Pump-House Heritage Area

Down Alexandra Road, hidden at the heart of Alexandra Basin, lies the port graving docks. Graving docks are port infrastructures used for the construction, maintenance and repairing of vessels. They are also known as dry docks and consist in an enclosed basin that can be flooded and drained through a pumping mechanism. This way the ship can be floated or rest on blocks in the drained space, allowing operations like cleaning or painting the cleaning hull. The pumping mechanism is stored in the pump house, built close to the dock.

The history of the graving docks dates back to the mid-19th century. Throughout the 1800s, facilities for repairing ships became a necessity in a busy port like Dublin. By the 1840s, the existing graving slips were no longer fit for the vessels that kept increasing their sizes year after year. Thus, the Port Chief Engineer, George Halpin Jr., designed the Graving Dock no.1. His assistant, Bindon Blood Stoney (the future next Chief Engineer) supervised the project. The graving dock was constructed by William Dargan and opened in February 1860. One century later, in 1957, the port built the Graving Dock no. 2. The Dublin Port and Docks Board was considered a matter of national importance because of the increase in ship repair work in the Port after the Emergency.
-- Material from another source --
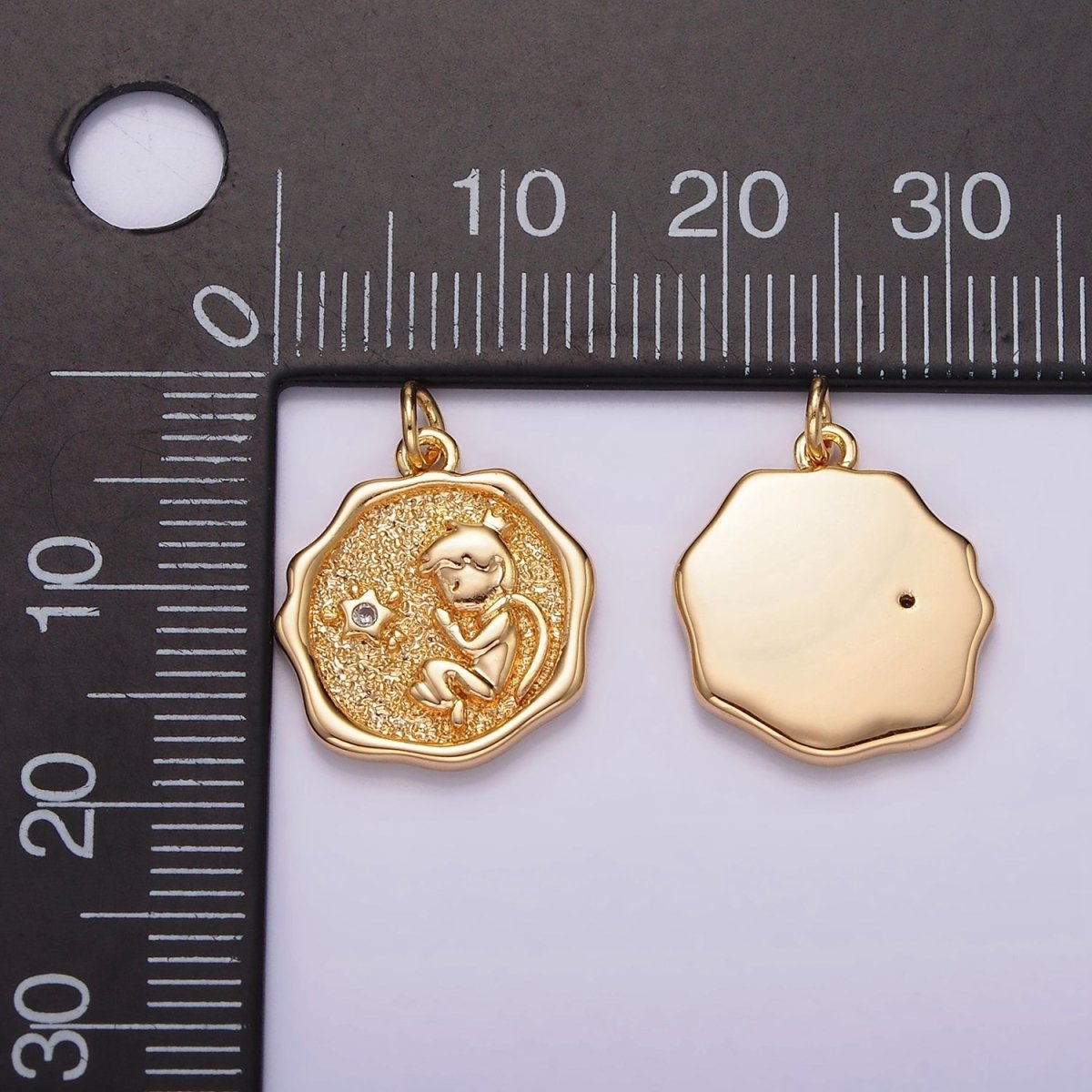 14K Gold Filled Little Prince Star CZ Hammered Wavy Stamped Charm | AG421 - DLUXCA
In 2021 Dublin Port completed the first stage of its project to create a heritage zone in this unique space. The Graving Dock no.2 has been in-filled to create a public plaza. Dock gates have been kept unfilled to preserve its character. The 2-acre open space will host public events like exhibitions, concerts, performances or markets. Stage two will involve opening up Pumphouse Two as part of the Port’s distributed museum. Stage three will see the unearthing and restoration of Victorian Graving Dock no. 1. The last stage will see architectural intervention to graving dock no. 1, as always envisaged under the Alexandra Basin Redevelopment project.

The Pumphouse presents set the start of the cultural events programme in 2020 for this new heritage area. It was a statement on Dublin Port intent to programme events in the new heritage zone based on Dublin and its port’s rich heritage. The project comprised five theatre pieces
recorded in the Victorian era Pumphouse. Some were pre-existing and already staged, and others were bespoken for the project. Following this premise, a new site-specific play has been commissioned to ANU in 2021: The Book of Names. ANU, in collaboration with Landmark, brought the area to life, creating a show to tell the events of the Irish Wars of 1919-1923 in Dublin Port and City. Written and directed by Louise Lowe, the play is based on port registers preserved at the Dublin Port Archive. Lar Joye, the Port Heritage Director, discovered the story of a secret port-based IRA cell after researching the archives. Known as the Q company, this unit of dock workers smuggled 97% of the ammunition used in the War of Independence.

The port hopes to welcome more artists and host a wide range of cultural events for Dublin citizens and visitors to enjoy the arts and the port industrial heritage fine examples. As the project stages develops, the port intents to tell the story of how the Graving Dock worked, its relevance to the Port throughout 19 and 20th centuries and how ports changed since those times and are still developing. The Pumphouse heritage area has been incorporated into the port distributed museum.